Maoism is the theory derived from the teachings of the Chinese political leader Mao Zedong. Developed from the 1950s until the Deng Xiaoping Chinese economic reform in the 1970s, it was widely applied as the guiding political and military ideology of the Communist Party of China and as the theory guiding revolutionary movements around the world. A key difference between Maoism and other forms of Marxism–Leninism is that peasants should be the bulwark of the revolutionary energy which is led by the working class. Three common Maoist values are revolutionary populism, being practical, and dialectics.

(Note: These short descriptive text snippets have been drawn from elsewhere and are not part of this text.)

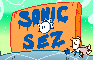 Sonic Says: The SomecallmeJohnny Edition.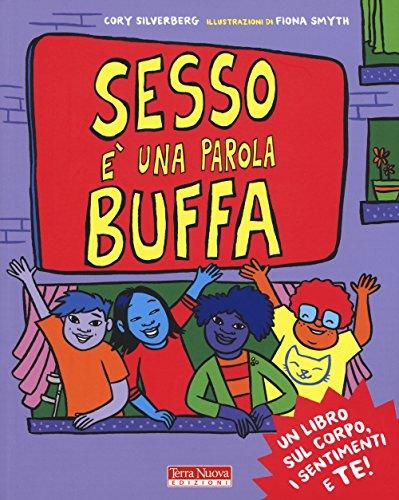 Sesso è una parola buffa. Un libro sul corpo, i sentimenti e te! (Terra Nuova dei piccoli)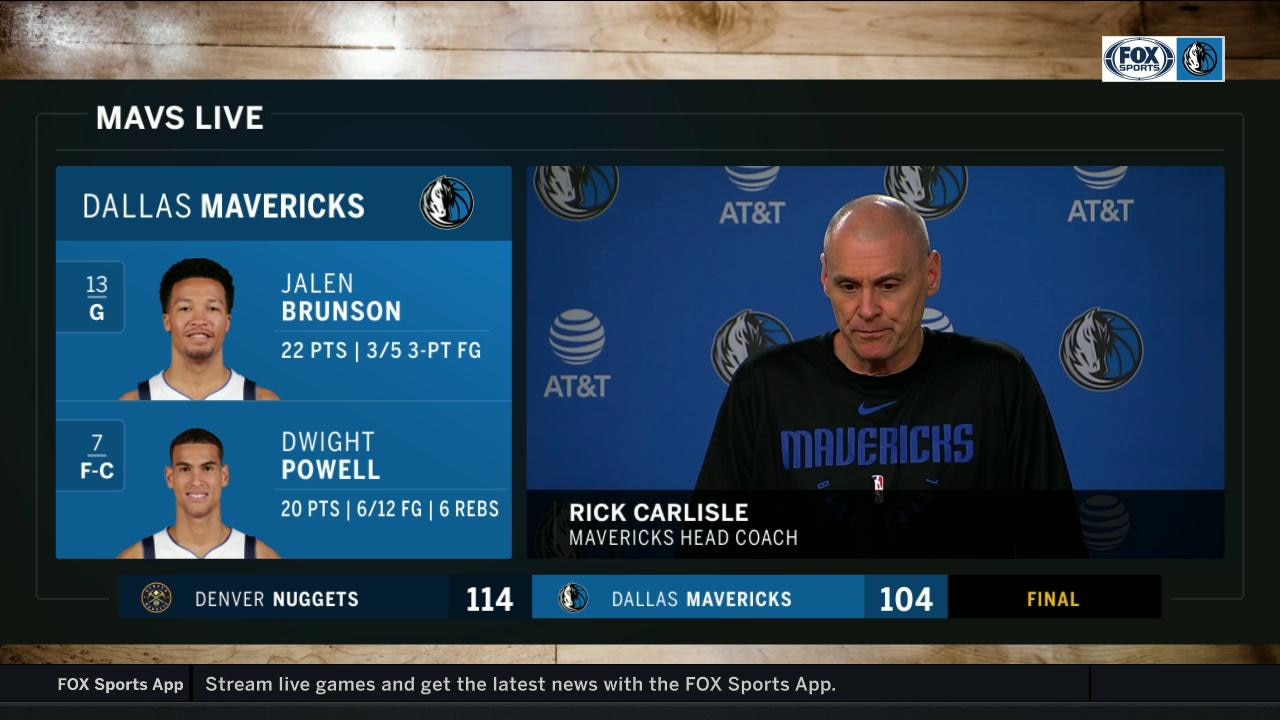 Rick Carlisle talks tough Dallas loss to Denver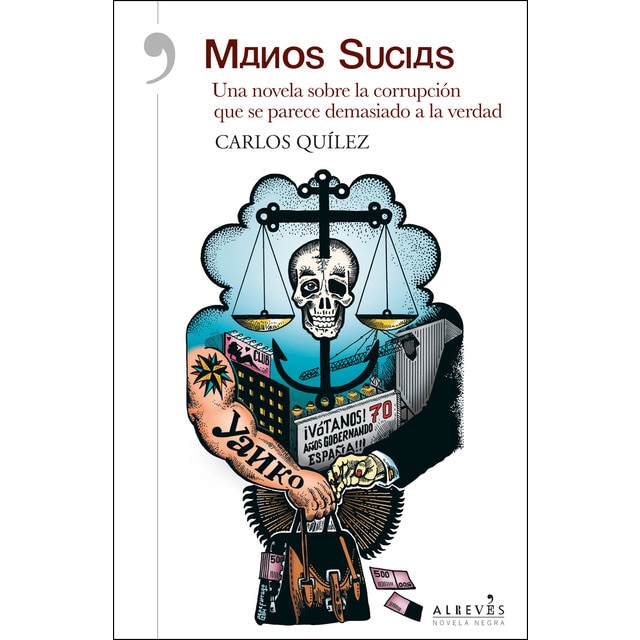 Imagen 0 de Manos sucias: Una novela sobre la corrupción que se parece demasiado a la verdad (Tapa blanda)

The synthesis of Marxism–Leninism–Maoism, which builds upon the two individual theories as the Chinese adaption of Marxism–Leninism, did not occur during the life of Mao. After de-Stalinization, Marxism–Leninism was kept in the Soviet Union, while certain anti-revisionist tendencies like Hoxhaism and Maoism stated that such had deviated from its original concept. Different policies were applied in Albania and China, which became more distanced from the Soviet Union. From the 1960s, groups who called themselves Maoists, or those who upheld Maoism, were not unified around a common understanding of Maoism, instead having their own particular interpretations of the political, philosophical, economical, and military works of Mao. Its adherents claim that as a unified, coherent higher stage of Marxism, it was not consolidated until the 1980s, first being formalized by the Shining Path in 1982. Through the experience of the people's war waged by the party, the Shining Path were able to posit Maoism as the newest development of Marxism.

Eurocommunism 

Eurocommunism was a revisionist trend in the 1970s and 1980s within various Western European communist parties, claiming to develop a theory and practice of social transformation more relevant to their region. Especially prominent within the French Communist Party, Italian Communist Party, and Communist Party of Spain, Communists of this nature sought to undermine the influence of the Soviet Union and its All-Union Communist Party (Bolsheviks) during the Cold War. Eurocommunists tended to have a larger attachment to liberty and democracy than their Marxist–Leninist counterparts. Enrico Berlinguer, general secretary of Italy's major Communist party, was widely considered the father of Eurocommunism.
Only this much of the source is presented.